*EXERCISE DETAILS*:
Exact reproduction, images excluded: write out the records below.

(Records from a data source)
########

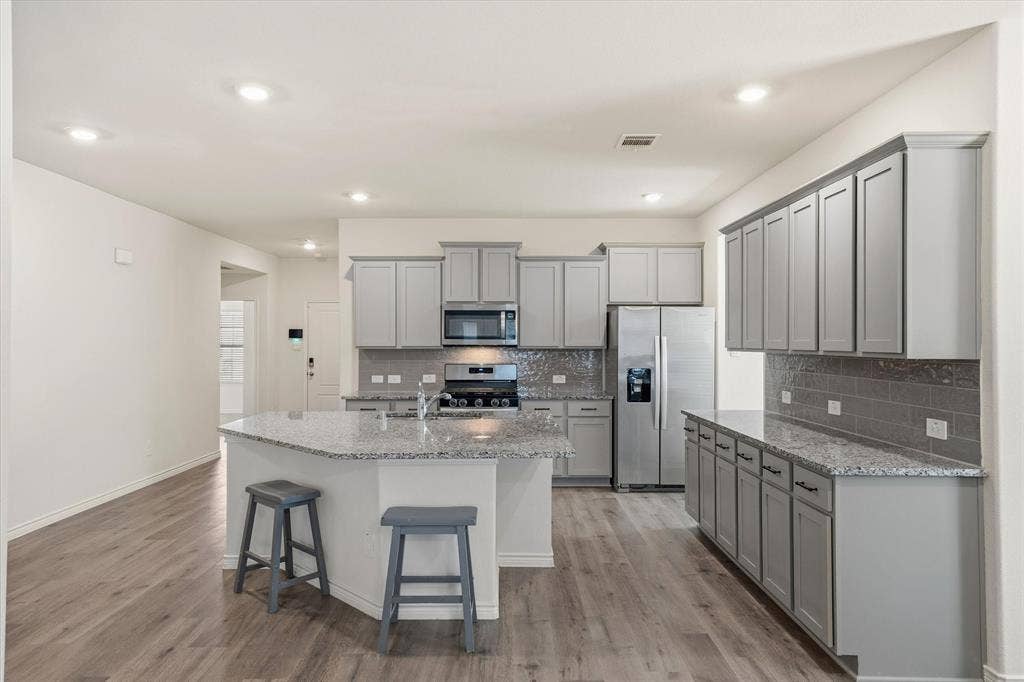 202 Buckboard Lane, Caddo Mills, TX 75135 Inside 202 Buckboard Ln, this contemporary kitchen features a seamless open-concept design complete with durable grey wood-look plank flooring. The space is anchored by an angled prep island with breakfast bar seating and an integrated sink, highlighted by speckled granite countertops and glossy subway tile backsplashes. Stainless steel appliances, including a gas range and side-by-side refrigerator, complement the light grey Shaker cabinetry with modern black hardware. Recessed ceiling lights illuminate the inviting layout, providing smooth sightlines into the adjoining living spaces of this Caddo Mills residence.
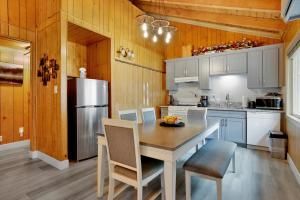 a kitchen with a table with chairs and a refrigerator at Sweet Retreat 1- Cozy Relaxing Resort Cabin in Big Bear Lake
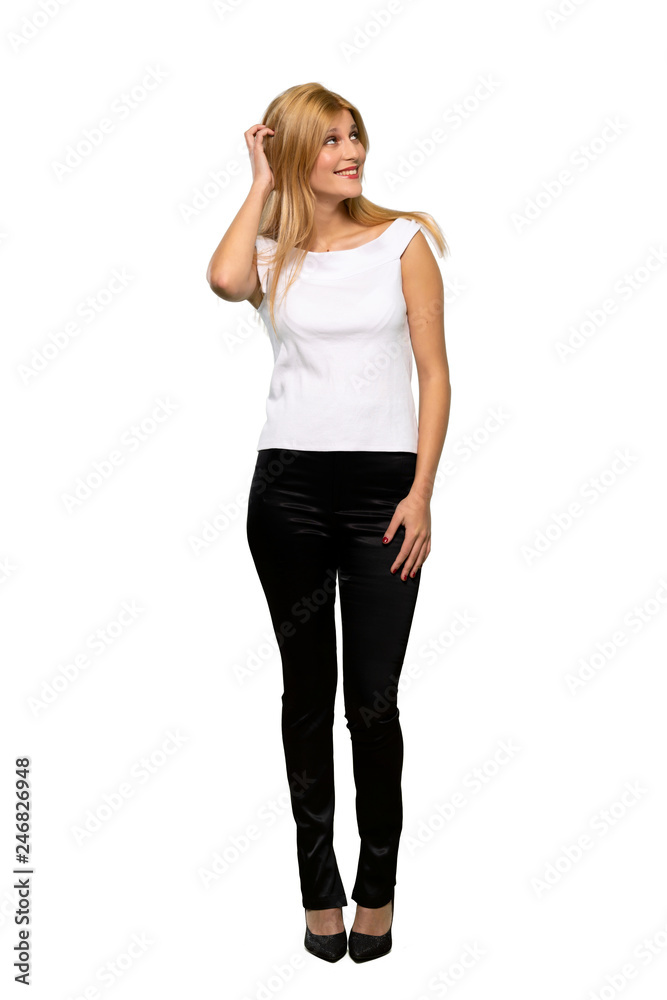 Young blonde woman thinking an idea while scratching head over isolated white background Young blonde woman thinking an idea while scratching head over isolated white background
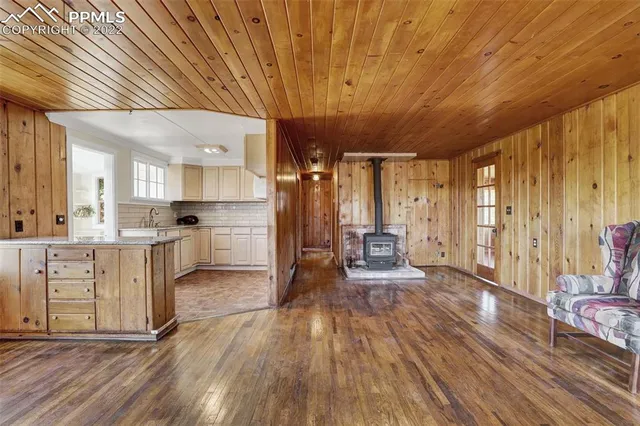 a open kitchen with white cabinets and stainless steel appliances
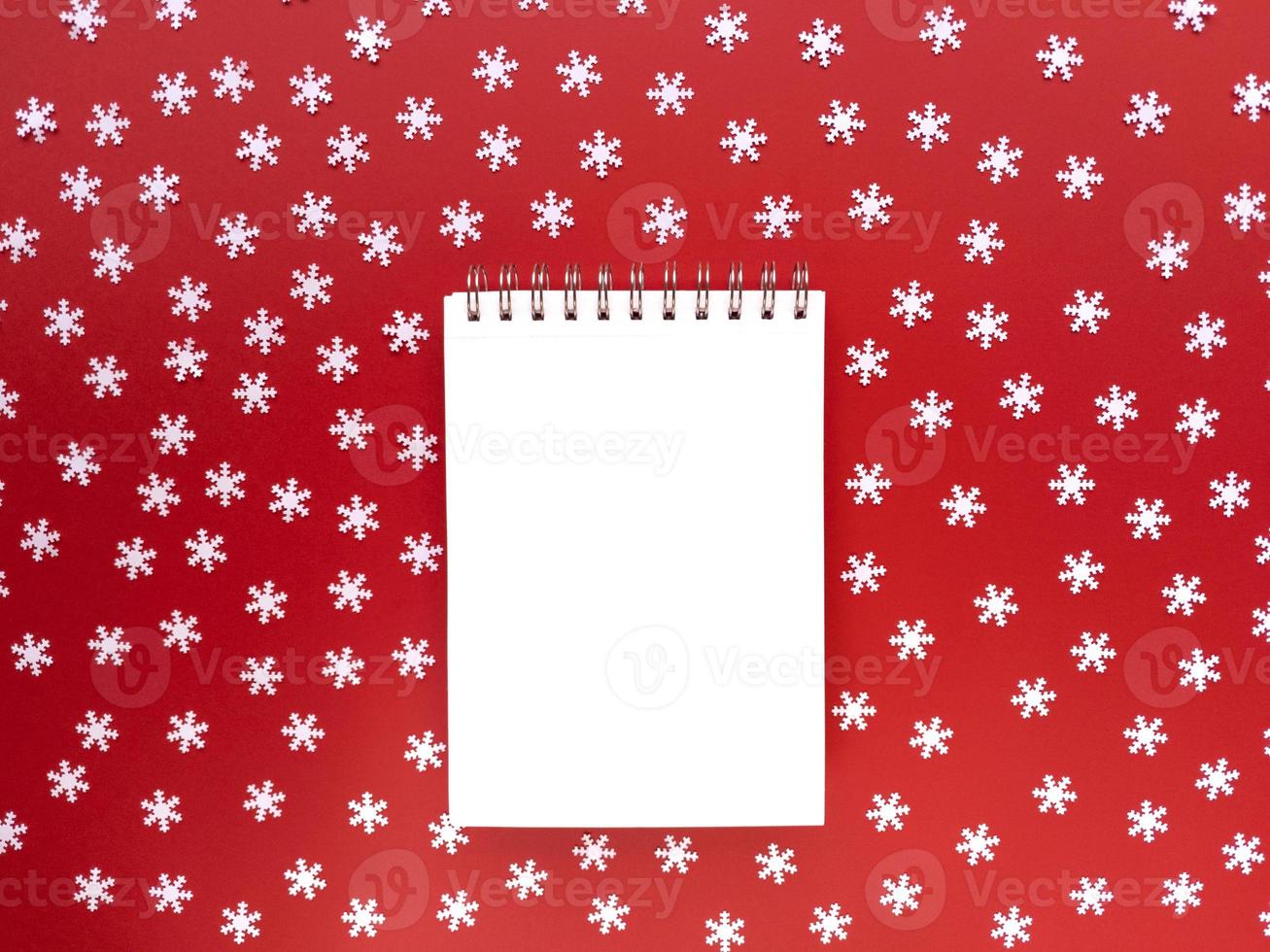 folha em branco do caderno com flocos de neve brancos espalhados sobre fundo vermelho. conceito educacional. lay flat simples com espaço de cópia. foto. foto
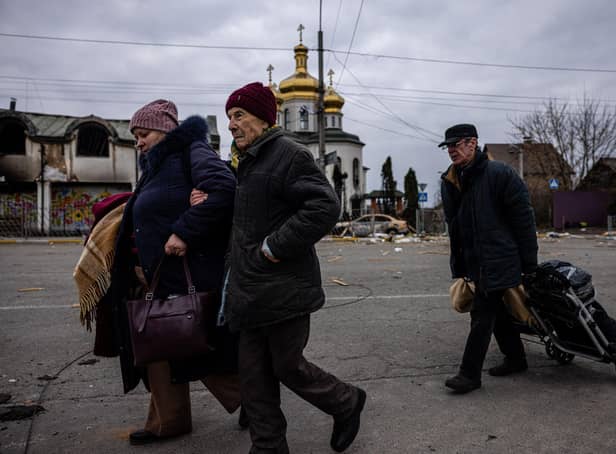 Evacuees flee the city of Irpin, northwest of Kyiv, on March 7, 2022.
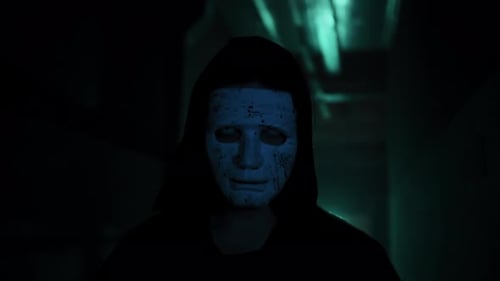 Hooded Figure with Mask and Cleaver in Dark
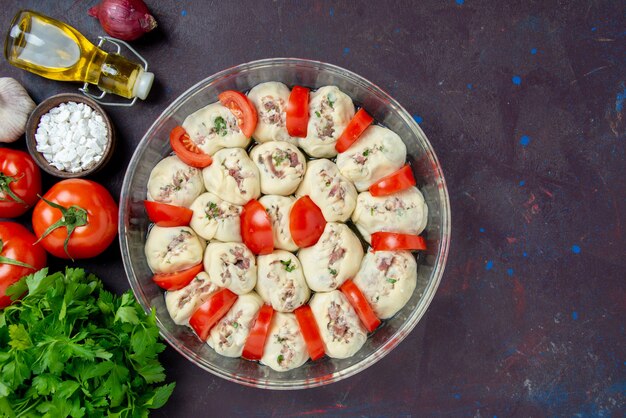 Top view raw dough pieces with ground meat greens and fresh red tomatoes on the dark meal kitchen color food photo dish cuisine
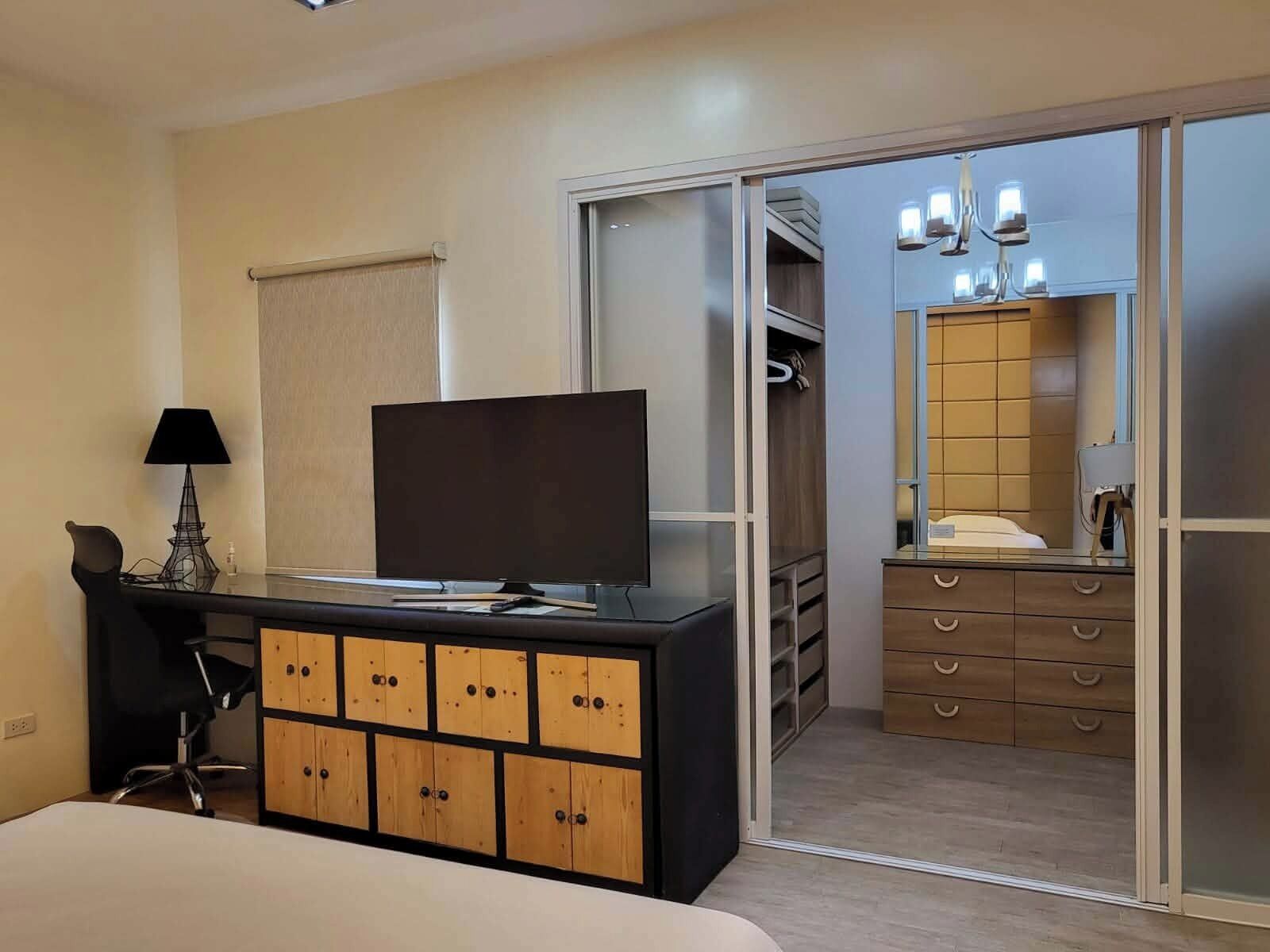 A hotel room with a bed, a TV on a black dresser, a desk with a lamp, and a sliding closet door.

########

*EXERCISE RESULT*:
 202 Buckboard Lane, Caddo Mills, TX 75135 Inside 202 Buckboard Ln, this contemporary kitchen features a seamless open-concept design complete with durable grey wood-look plank flooring. The space is anchored by an angled prep island with breakfast bar seating and an integrated sink, highlighted by speckled granite countertops and glossy subway tile backsplashes. Stainless steel appliances, including a gas range and side-by-side refrigerator, complement the light grey Shaker cabinetry with modern black hardware. Recessed ceiling lights illuminate the inviting layout, providing smooth sightlines into the adjoining living spaces of this Caddo Mills residence.
 a kitchen with a table with chairs and a refrigerator at Sweet Retreat 1- Cozy Relaxing Resort Cabin in Big Bear Lake
 Young blonde woman thinking an idea while scratching head over isolated white background Young blonde woman thinking an idea while scratching head over isolated white background
 a open kitchen with white cabinets and stainless steel appliances
 folha em branco do caderno com flocos de neve brancos espalhados sobre fundo vermelho. conceito educacional. lay flat simples com espaço de cópia. foto. foto
 Evacuees flee the city of Irpin, northwest of Kyiv, on March 7, 2022.
 Hooded Figure with Mask and Cleaver in Dark
 Top view raw dough pieces with ground meat greens and fresh red tomatoes on the dark meal kitchen color food photo dish cuisine
 A hotel room with a bed, a TV on a black dresser, a desk with a lamp, and a sliding closet door.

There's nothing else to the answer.